Review: James Ferraro – Human Story 3

“We hate James Ferraro. James Ferraro is a hack; he’s selling fake cassettes online, his music is vacuous, unfocused, confusing, annoying. He’s pretentious, he’s trying too hard, he takes himself too seriously, his music isn’t about anything.”  Angry Internet Users (2016)

James Ferraro is making music that sounds like now.

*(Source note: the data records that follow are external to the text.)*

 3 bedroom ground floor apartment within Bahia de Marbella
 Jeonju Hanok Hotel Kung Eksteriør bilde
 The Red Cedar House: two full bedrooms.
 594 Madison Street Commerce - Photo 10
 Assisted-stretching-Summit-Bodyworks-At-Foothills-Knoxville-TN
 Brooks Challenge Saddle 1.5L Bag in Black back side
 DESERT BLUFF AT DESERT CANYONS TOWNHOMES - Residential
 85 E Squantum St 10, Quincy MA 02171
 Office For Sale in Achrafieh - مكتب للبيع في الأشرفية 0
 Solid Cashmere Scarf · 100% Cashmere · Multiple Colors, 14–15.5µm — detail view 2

Ferraro is The Laughing Man, changing our world perception in real-time, and Human Story 3 is the shared cybernetic space that we log in and out of every day, every hour, and every few minutes. The Laughing Man’s infamy comes from his re-appropriation of the Starchild Coffee (Starbucks) logo; simultaneously sparking imitators and debasers, a backdrop of corporate corruption delineating our gross attachment to the logo, the safety and the comfort of the brand. Ferraro is equally comfortable playing the iconoclast, and is clearly somebody who feels where we are but doesn’t know where we’re going; equal parts anxious and eager to experience the complexity of futuristic consciousness, however speculative and overwhelming it may be. As of now, our dependence on technology has led us to share new common phenomena – we feel a buzz around our thigh, reach for our phone – nothing. Our shell, the skin, is a sensing, guessing, logic-seeking organ of perception, a blanket with a brain in every micro-inch. We long to connect. The ghost, our individualism, becomes more fluid by the day. In Human Story 3, Ferraro plots our emotional development, our ghosts in our shells, against what he dubs “a plethora of unnatural places and commercial simulacra.” These verbose assertions are probably why Ferraro is such a divisive figure online, he has devout followers who ache to learn more about him and his aesthetic, but his detractors are more interesting – mostly he pisses them off because they think he’s ripping them off, but he’s only selling 200 physical copies of Human Story 3 and it’s unlikely that he cares if you download it illegally or buy it. He skirts a narrow seam, just buoyant enough to selvedge his well-crafted persona.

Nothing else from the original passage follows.